Pour mieux saisir la signification politique des discours au sujet du meurtre perpétré par Althusser, les réflexions complémentaires de Mélissa Blais et de Patrizia Romito méritent d’être mobilisées. Blais (2009) a analysé les discours médiatiques au sujet de l’attentat antiféministe à l’École polytechnique de Montréal, le 6 décembre 1989. Elle a constaté que les médias présentaient le terroriste avant tout comme un fou, même s’il avait très explicitement expliqué ses motivations politiques, c’est-à-dire antiféministes. Ce jeune homme a tué 14 femmes (13 étudiantes et une adjointe administrative), à l’École polytechnique, après avoir déclaré « J’haïs les féministes ». Il s’est suicidé sur les lieux et les policiers ont trouvé sur son corps une lettre-manifeste, dans laquelle le terroriste se livrait à cette prédiction : « Même si l’épithète Tireur Fou va m’être attribué [sic] dans les medias, je me considère comme un érudit rationnel. » Il a en effet tout de suite été désigné comme un « tueur fou » par les médias.
Pour sa part, Althusser a déployé beaucoup d’énergie pour se présenter comme fou, et donc irresponsable du meurtre, alors qu’il était reconnu comme un érudit rationnel.
Romito (2006) a étudié de manière plus générale les « tactiques d’occultation » de la violence masculine contre les femmes. Elle identifie « la psychologisation » comme l’une des tactiques la plus courante et la plus efficace d’occultation des violences masculines contre les femmes. Cette tactique, qui constitue « un refus de l’analyse politique » (Romito, 2006 : 137 ; voir aussi Hanmer, 2012 [1977] : 100), rend difficile de penser ces meurtres comme relevant d’une logique sociopolitique, même si les statistiques sont très claires à ce sujet :
La psychologisation est donc, en substance, une tactique de dépolitisation, chargée de maintenir le statu quo et de renforcer le pouvoir dominant. […] Psychologiser peut servir aussi à décriminaliser telle action (Romito, 2006 : 122-123, souligné dans le texte).

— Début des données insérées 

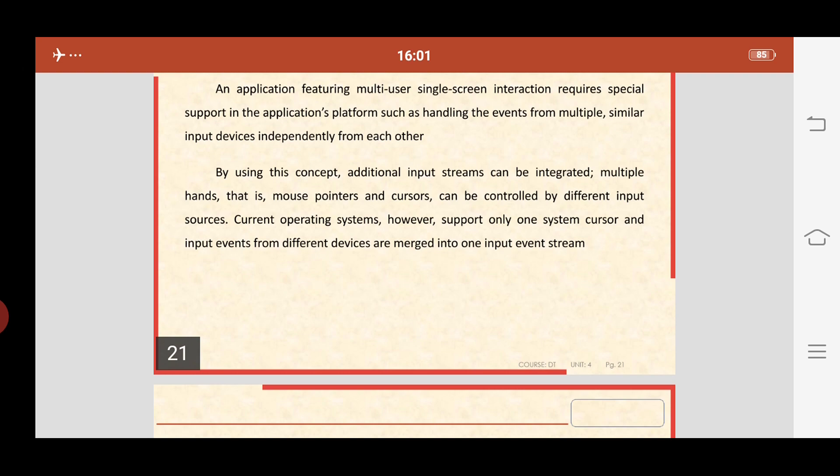An application featuring means the act of putting to a special use or purpose. The feature suggests an outstanding that attracts attention of more than one user on a single screen interaction, so it requires special support in the application platform — how we can design, build, deploy, and manage custom business applications. In simple terms, it is a single platform that enables speed and collaboration and control across the entire application life cycle. In that application platform, we handle events and actions from multiple users with similar input devices independently from each other.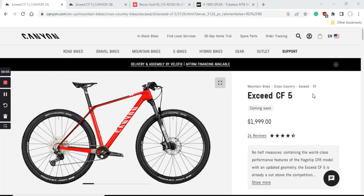Well hello ladies and gents and welcome to another episode of Cycling Insider. In this episode I will give you the buyer's guide for an excellent cross-country mountain bike, specifically the Canyon Exceed CF5 hardtail mountain bike.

Blais (2009 : 77 et suiv.) a aussi expliqué comment la psychologisation du tueur de l’École polytechnique a été reprise dans les médias, y compris par des psychologues et des psychiatres qui n’avaient ni rencontré le tueur, ni consulté son dossier médical. Blais démontre que cette psychologisation a eu pour effet de transformer le « tueur fou » en victime (il est malade, souffrant) et de le déresponsabiliser (la cause est la folie, ou ce qui a causé la folie, soit possiblement le féminisme et les féministes). Les réflexions de Blais et Romito rejoignent celles de la féministe britannique Jalna Hanmer, présentées dans le premier numéro de Questions féministes en 1977. Elle précisait que le défi dans l’analyse des violences masculines n’est pas nécessairement « l’explication de tel acte individuel : notre préoccupation centrale est la signification, au niveau social structurel, de la violence des hommes contre les femmes. » (Hanmer, 2012 [1977] : 94)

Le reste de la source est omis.